**SUPPLIED INFORMATION**
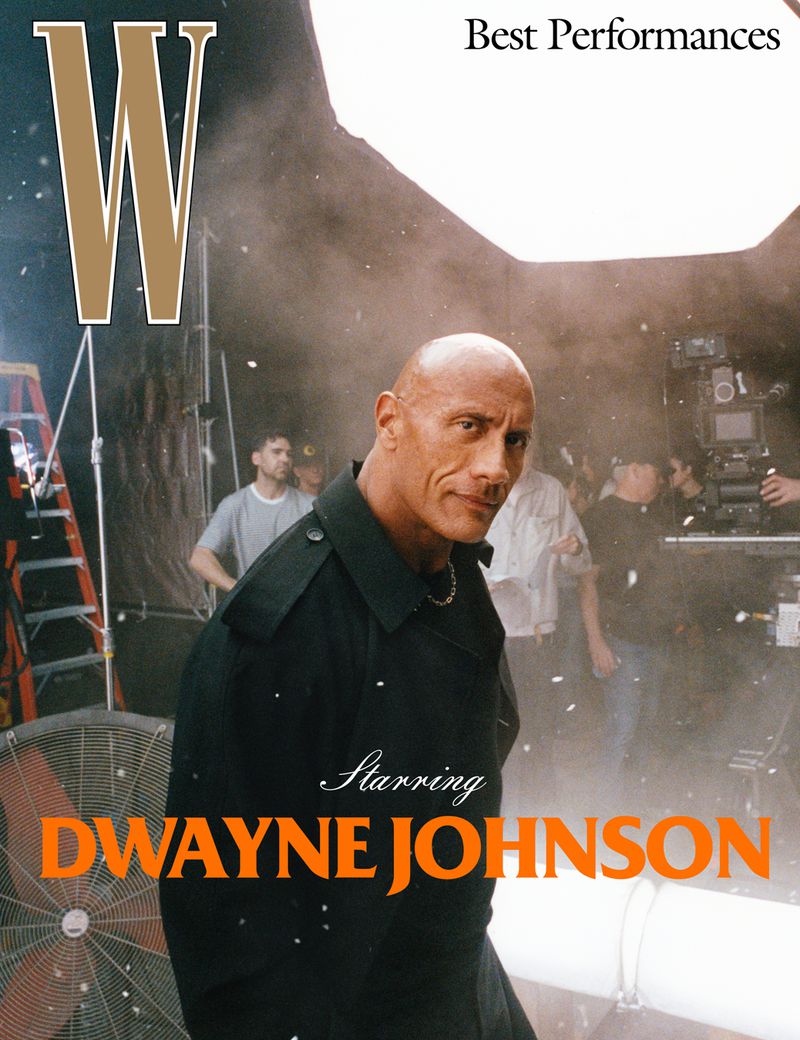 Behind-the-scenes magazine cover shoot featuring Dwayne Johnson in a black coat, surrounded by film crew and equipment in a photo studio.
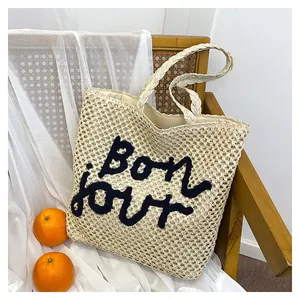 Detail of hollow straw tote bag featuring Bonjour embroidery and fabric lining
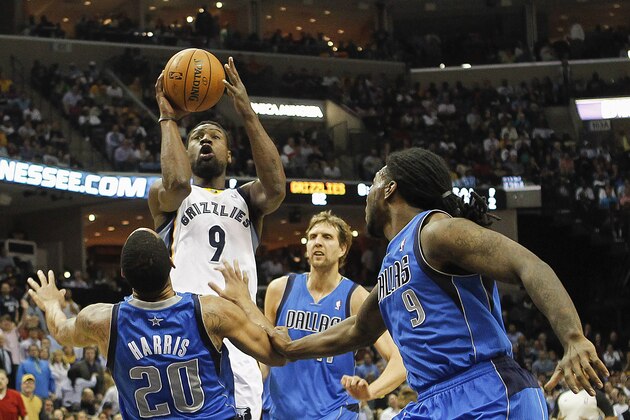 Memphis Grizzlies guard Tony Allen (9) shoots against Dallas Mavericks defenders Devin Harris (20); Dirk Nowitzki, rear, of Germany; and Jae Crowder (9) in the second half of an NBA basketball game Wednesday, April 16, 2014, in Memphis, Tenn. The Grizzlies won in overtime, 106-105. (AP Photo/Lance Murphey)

**TASK GOAL**
The required output is every line from the beginning of the material above through the line with "Detail of hollow", exact and without pictures.

**ANSWER FOR THE TASK**
 Behind-the-scenes magazine cover shoot featuring Dwayne Johnson in a black coat, surrounded by film crew and equipment in a photo studio.
 Detail of hollow straw tote bag featuring Bonjour embroidery and fabric lining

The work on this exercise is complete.